Trump sees advantage in debate over Israel, anti-Semitism ,
President Donald Trump can’t get enough of Rep. Ilhan Omar. As Democrats try to turn the page after the freshman lawmaker’s remarks, criticized by some as anti-Semitic, ignited an embarrassing intra-party fight,
The Republican president is trying to prolong and weaponize the issue for his 2020 campaign, asserting during a private weekend fundraiser that Democrats “hate” Jews.

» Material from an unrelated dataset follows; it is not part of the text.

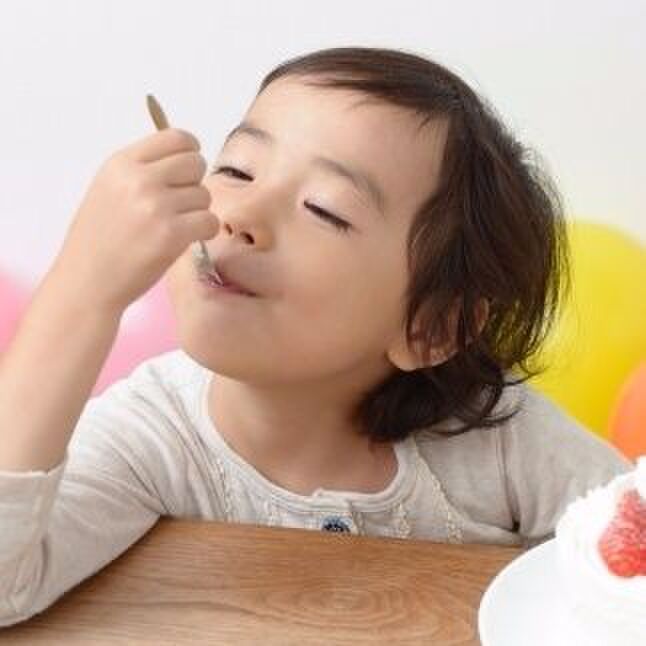 コストコのクリスマスケーキは冷凍保存で長く楽しめるけど・・・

While Trump publicly muses about winning over Jewish voters for his re-election, his motivations are more complicated and expansive. The Republican president’s rhetorical escalation also is designed to unsettle the Democratic primary debate, exploit an issue that can energize his supporters and move past his own history of toying in anti-Semitic motifs.
Trump was slow to condemn white supremacists who marched violently in Charlottesville, Virginia, in 2017.

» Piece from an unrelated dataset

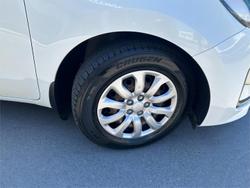 2020 Kia Carnival S YP MY20 Clear White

In 2016, he circulated an image of a six-pointed star alongside a photo of Hillary Clinton, a pile of money and the words “most corrupt candidate ever.” And he told a group of Republican Jewish donors he didn’t expect to earn their support because he wouldn’t take their money.
“You want to control your politicians, that’s fine,” he told the Republican Jewish Coalition in 2015. Ultimately, the group and many of its donors backed Trump.
Trump on Tuesday promoted comments by former model and 2016 campaign staffer Elizabeth Pipko, who said on Fox News’ “Fox & Friends” that “Jewish people are leaving the Democratic Party.”
Her comments mirrored Trump’s charge on Friday that Democrats had become an “anti-Israel” and “anti-Jewish” party,
Responding to the House vote a day before to disapprove of all prejudice in response to Omar’s invocation of “dual-loyalty” charges against American supporters of Israel earlier this month.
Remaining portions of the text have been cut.